▶ DESCRIPTION OF THE TASK: All of the listing, from first line to last, should be output exactly; the pictures stay out.

▶ DATA SEGMENT:
═══

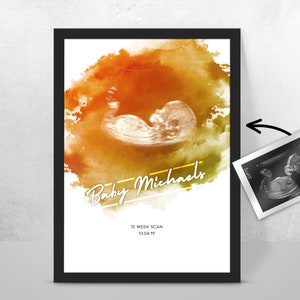 Personalised BABY Scan Ultrasound Watercolour Print 4D first baby scan/Baby Shower Gift/ New mum to be/ Bump gift/ Pregnancy Keepsake Mum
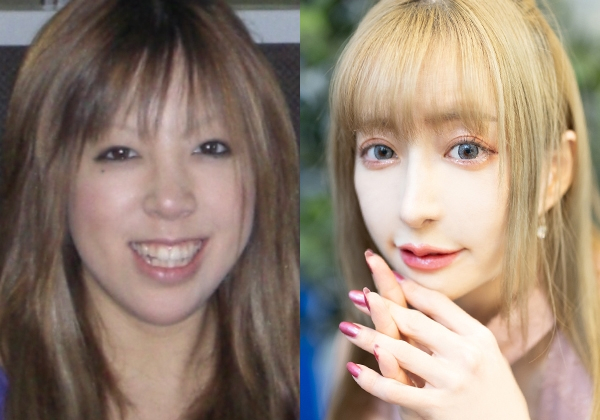 「中身まで変わることで人生も変えられる」大切な人の死乗り越え、2500万円整形にかけたレイヤーがいきついた“答え”(オリコン)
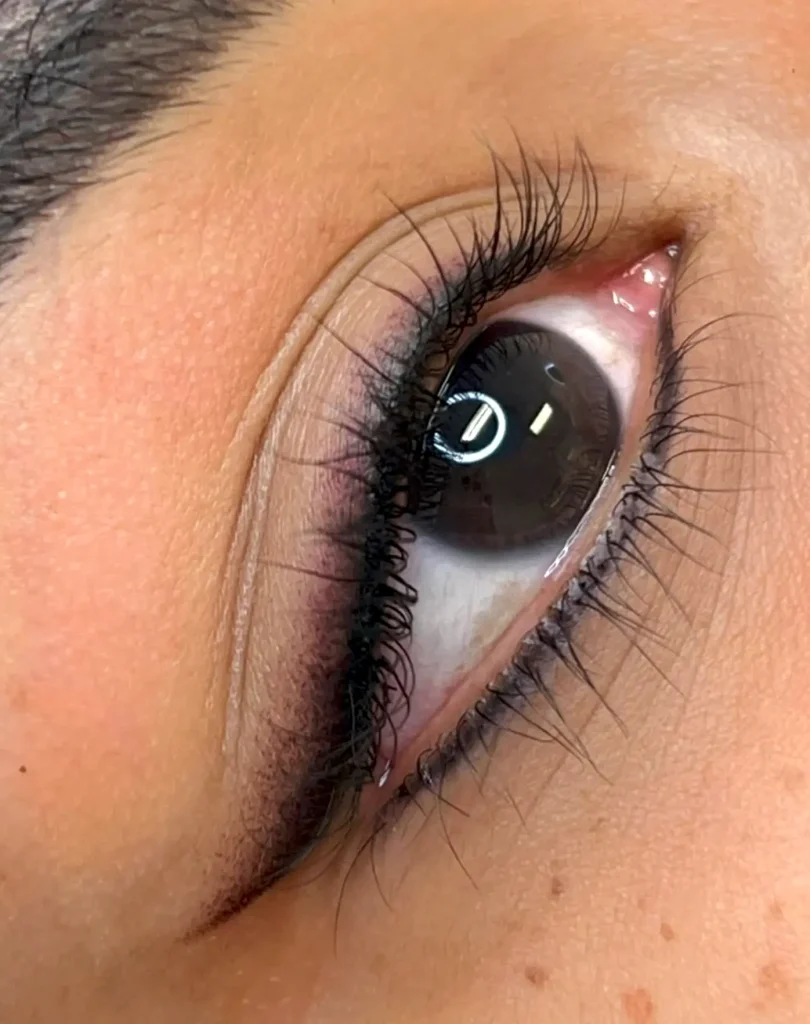 What Causes Tattoo Scabbing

═══

▶ ANSWER SPACE:
 Personalised BABY Scan Ultrasound Watercolour Print 4D first baby scan/Baby Shower Gift/ New mum to be/ Bump gift/ Pregnancy Keepsake Mum
 「中身まで変わることで人生も変えられる」大切な人の死乗り越え、2500万円整形にかけたレイヤーがいきついた“答え”(オリコン)
 What Causes Tattoo Scabbing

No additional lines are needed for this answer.